During the 1970s, post the Bangladesh Liberation War, refugees fleeing from Bangladesh took refuge in Kolkata. The 1970s was a witness to political chaos – the National Emergency of 1975 prompted radical changes to Bengal’s political arena with a left-front government coming to power.

The cultural politics of Bengal swayed between traditional ideals of sexual morality and revamped progressive and anti-capitalist conceptions. In the middle of this, Kolkata opened its doors to cabaret culture in popular bars on Park Street.

Cabaret culture was British colonialism’s byproduct in India. Foreign troops stationed in Kolkata during the second world war were primarily responsible for the growing live music scene of the state. Since cabaret was viewed as ‘obscene’ by the general Indian population, local women kept themselves away; the performers were generally European or Anglo-Indian women.

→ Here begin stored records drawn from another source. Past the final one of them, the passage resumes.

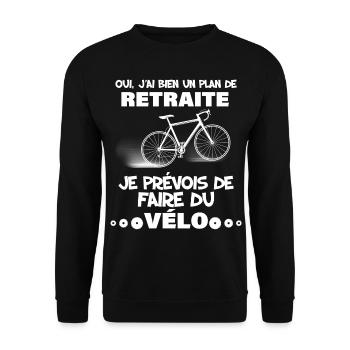 Je Prévois de Faire Du Vélo Cadeau Retraite Homme - Sweat-shirt Unisexe - noir - Devant - Alina (178cm) & Michal (187cm)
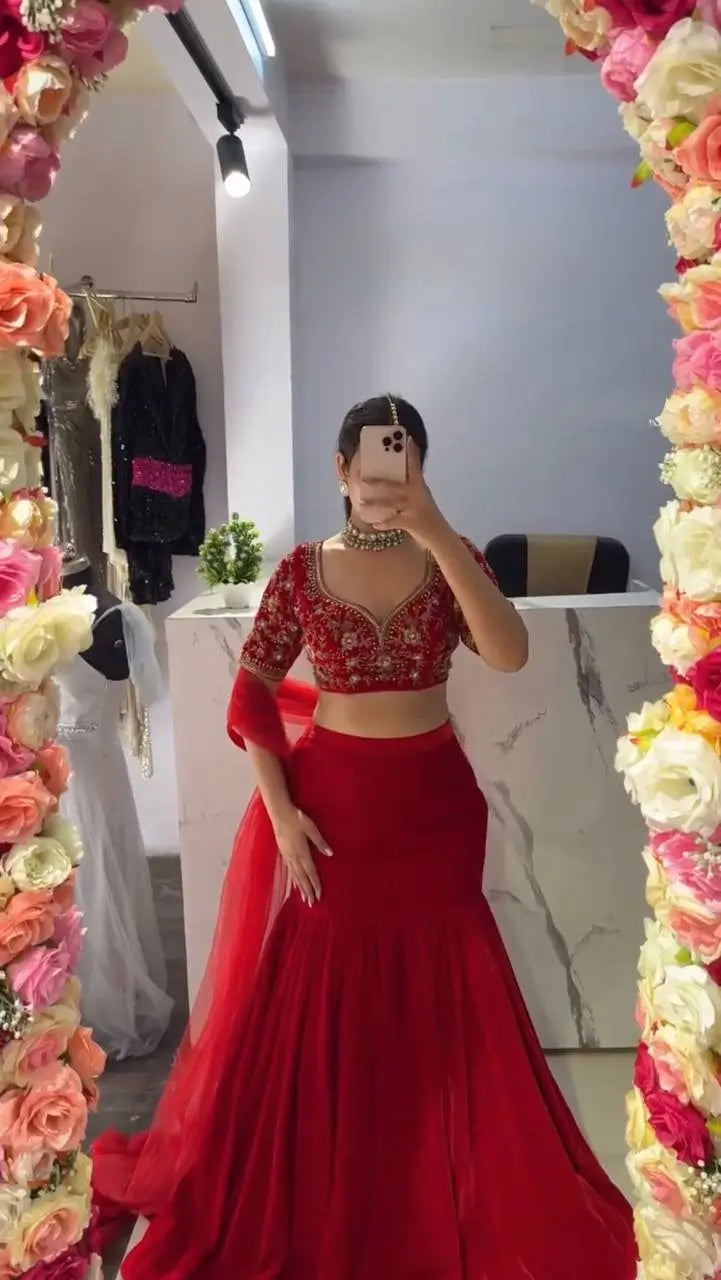Georgette Ready-to-Wear Lehenga Saree with Thread Sequin Work | Festive Party Wear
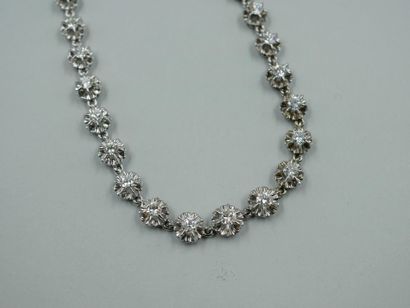 River necklace in 18k white gold with approximately...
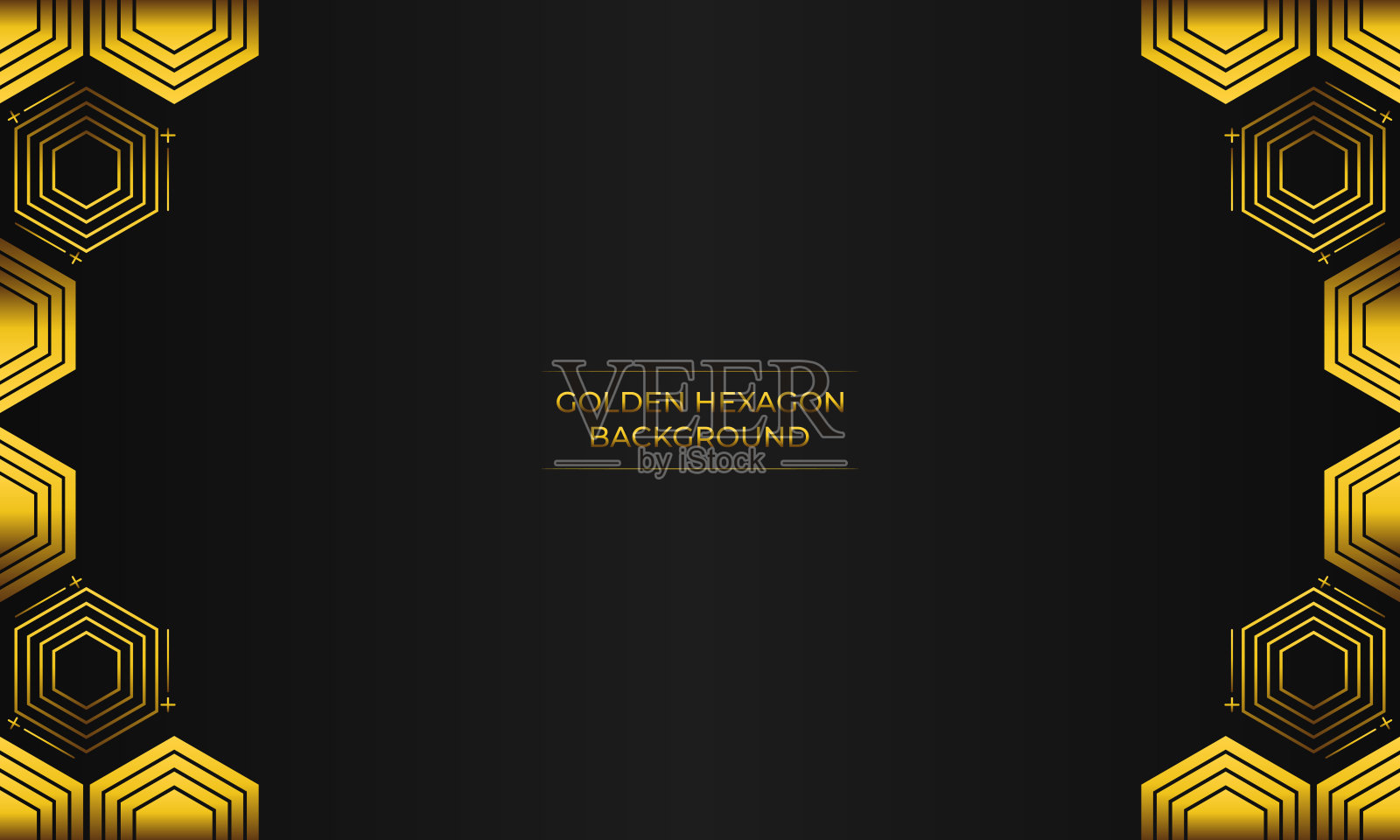 奢华的黑色背景与抽象的金色几何六边形形状插画图片素材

Image Courtesy: Free Press Journal

It was a time when most European dancers were leaving India when 11-year-old Arati Das, the youngest of three sisters of a refugee family from East Pakistan, Bangladesh, started working as a domestic help in an Anglo-Indian household in Chowringhee. Enamoured by the elite parties in the household and plagued by poverty, at the age of 13 she landed at the Firpo’s Lido Room on Park Street, the poshest restaurant of the times in Kolkata.

Young Arati, unaware of what cabaret meant, when inquired and scolded by a police officer issuing her a licence responded that she’s not answerable to anyone who’s not paying for her upkeep. Living in a society that denied women rights to livelihood and occupation while simultaneously morally policing them, Arati Das started her journey as ‘Miss Shefali’ — the iconic cabaret queen of post-colonial Calcutta with a salary of Rs 700 a month at Firpo’s.

In a career that lasted more than two decades, she trained in ballet, Bharatanatyam and Kathak. Miss Shefali appeared in many films, including two of Satyajit Ray’s films, ‘Pratidwandi’ and ‘Seemabaddha’. She went on to star in plays as well, ‘Samrat o Sundari’, ‘Saheb Bibi Golam’ and ‘Ashlil’ to name a few.

“I knew I had the body. My chest, my waist, the limbs, my hair, in fact, my smile or the throwaway look could stop heartbeats...Yes, I used to do cabaret at hotels, but no one could touch me unless I wanted it. It was clear; watch all you want, look wherever till I am on the floor but don’t you dare touch me,” Miss Shefali had revealed in her autobiography.

Miss Shefali was not unaware of her power to bring the city to a standstill. Throughout her career, she subverted the patriarchal society that commodified her and danced on a floor that threaded the double standards of morality, modesty, disrespect, agency, politics, coercion and choice.